Les organisations criminelles s'affichent en pleine lumière. Ces nouveaux influenceurs redéfinissent les codes de la criminalité organisée.
Ils filment leurs 4x4 blindés, exhibent des liasses de pesos, des bijoux sertis de diamants, documentent des courses-poursuites avec la police et des scènes de violence. Le tout monté avec un sens aigu de la mise en scène. Sur TikTok et Instagram, les cartels mexicains, comme ceux de Sinaloa et de Jalisco Nouvelle Génération, sont devenus des influenceurs comme les autres…, ou presque.

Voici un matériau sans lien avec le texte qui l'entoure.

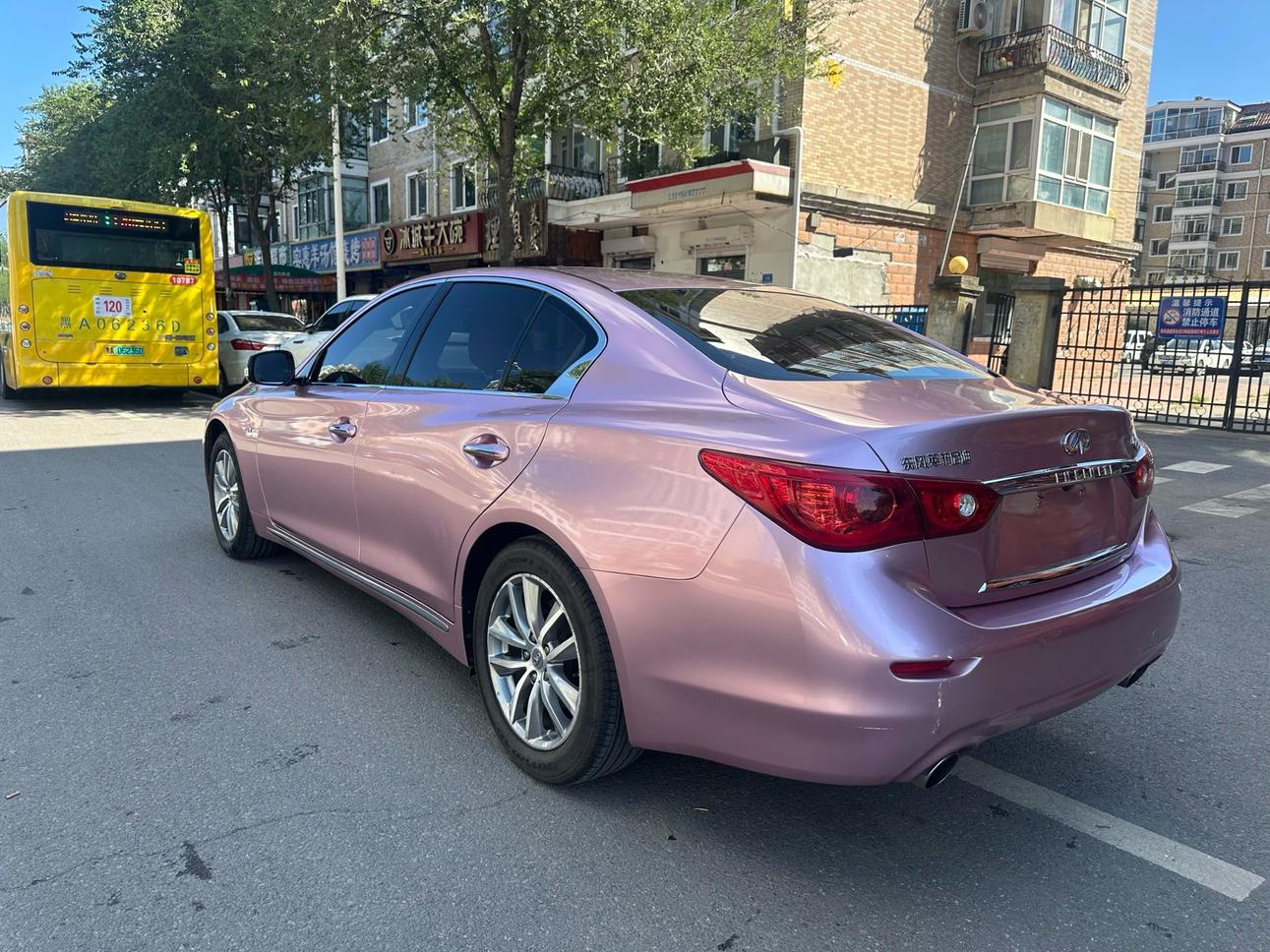 Infiniti Q50L 2015 thumb 2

Une stratégie de com, de vente et de recrutement
Cette présence en ligne est loin d’être anodine : elle répond à plusieurs objectifs stratégiques de ces organisations. En publiant vidéos, photos et messages, les cartels prennent le contrôle de leur propre narration. Dans les régions où l’État brille par son absence – ou sa corruption – les gangs de narcos s’imposent sur les réseaux comme des sauveurs locaux. En jouant la carte de l’entraide et de la protection (en diffusant des vidéos de distribution alimentaire, par exemple), ils tissent un récit qui forge l’acceptation et solidifie leur pouvoir sur le terrain, parvenant presque à faire oublier qu’ils causent la mort d’environ 100 personnes par jour au Mexique, rappelle Radio France.

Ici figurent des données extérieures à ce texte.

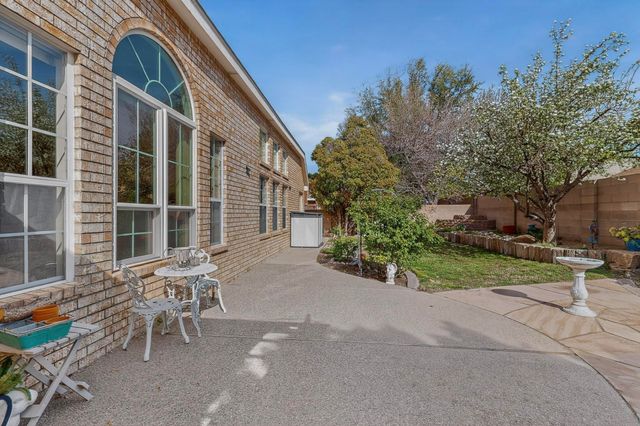 8604 TIMBERIDGE Place NW, Albuquerque, NM 87114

Par le luxe et l’extravagance qu’ils affichent, les cartels tissent un imaginaire puissant, qui résonne bien au-delà de leurs terres d’origine, séduisant autant les populations locales que le public mondial. Les réseaux sociaux sont devenus leur nouvel eldorado pour le recrutement. En glorifiant leur pouvoir et leur impunité, les hauts dignitaires attirent des jeunes en quête de reconnaissance, d’argent facile et de sensations fortes. Chaque année, des milliers d’enfants et d’adolescents rejoindraient les cartels via les jeux vidéo et les réseaux sociaux.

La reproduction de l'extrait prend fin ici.